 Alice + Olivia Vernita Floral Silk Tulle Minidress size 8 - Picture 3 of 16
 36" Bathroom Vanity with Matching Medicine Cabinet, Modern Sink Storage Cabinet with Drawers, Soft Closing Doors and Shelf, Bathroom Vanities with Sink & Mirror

...

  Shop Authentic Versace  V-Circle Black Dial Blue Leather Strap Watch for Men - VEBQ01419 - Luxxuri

* _Instructions for the task_:
Would you copy, unchanged, the stretch of the records above that begins at the line containing "Alice + Olivia" and ends at the line containing "Sink & Mirror", and only that?

* _Written solution_:
 Alice + Olivia Vernita Floral Silk Tulle Minidress size 8 - Picture 3 of 16
 36" Bathroom Vanity with Matching Medicine Cabinet, Modern Sink Storage Cabinet with Drawers, Soft Closing Doors and Shelf, Bathroom Vanities with Sink & Mirror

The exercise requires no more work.